"""

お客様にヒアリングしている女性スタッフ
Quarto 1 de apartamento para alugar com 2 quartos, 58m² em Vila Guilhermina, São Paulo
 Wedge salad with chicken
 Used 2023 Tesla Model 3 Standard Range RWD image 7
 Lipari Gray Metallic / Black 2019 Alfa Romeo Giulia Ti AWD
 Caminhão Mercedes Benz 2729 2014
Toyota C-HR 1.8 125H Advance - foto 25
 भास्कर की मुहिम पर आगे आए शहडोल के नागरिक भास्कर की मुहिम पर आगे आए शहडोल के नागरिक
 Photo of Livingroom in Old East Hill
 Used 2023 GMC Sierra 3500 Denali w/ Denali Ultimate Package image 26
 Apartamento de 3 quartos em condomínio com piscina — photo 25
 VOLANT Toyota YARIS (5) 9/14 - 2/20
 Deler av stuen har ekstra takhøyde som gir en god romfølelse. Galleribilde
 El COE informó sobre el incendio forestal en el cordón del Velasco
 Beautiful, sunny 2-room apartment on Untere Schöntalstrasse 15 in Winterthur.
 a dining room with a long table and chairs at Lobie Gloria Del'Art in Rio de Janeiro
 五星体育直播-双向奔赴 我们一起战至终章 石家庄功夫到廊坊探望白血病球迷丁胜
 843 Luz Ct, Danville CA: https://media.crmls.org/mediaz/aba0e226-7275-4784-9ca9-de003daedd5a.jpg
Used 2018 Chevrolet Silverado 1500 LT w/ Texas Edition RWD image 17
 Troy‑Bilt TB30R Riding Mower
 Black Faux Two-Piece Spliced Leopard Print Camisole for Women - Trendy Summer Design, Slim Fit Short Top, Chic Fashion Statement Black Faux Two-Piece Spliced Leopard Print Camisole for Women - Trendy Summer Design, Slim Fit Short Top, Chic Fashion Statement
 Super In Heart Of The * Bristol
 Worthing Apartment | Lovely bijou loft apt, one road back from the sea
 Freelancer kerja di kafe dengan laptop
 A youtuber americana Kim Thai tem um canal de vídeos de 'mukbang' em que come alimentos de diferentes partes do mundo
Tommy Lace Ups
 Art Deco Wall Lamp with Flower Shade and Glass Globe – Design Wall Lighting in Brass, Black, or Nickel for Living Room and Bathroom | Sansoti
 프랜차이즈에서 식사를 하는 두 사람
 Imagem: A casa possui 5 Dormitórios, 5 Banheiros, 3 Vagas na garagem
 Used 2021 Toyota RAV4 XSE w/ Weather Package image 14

"""

**Work to complete**
Working from the records above, write out verbatim only the lines from the line containing "Caminhão Mercedes Benz 2729 2014" through the line containing "Used 2023 GMC".

**Answer box**
 Caminhão Mercedes Benz 2729 2014
Toyota C-HR 1.8 125H Advance - foto 25
 भास्कर की मुहिम पर आगे आए शहडोल के नागरिक भास्कर की मुहिम पर आगे आए शहडोल के नागरिक
 Photo of Livingroom in Old East Hill
 Used 2023 GMC Sierra 3500 Denali w/ Denali Ultimate Package image 26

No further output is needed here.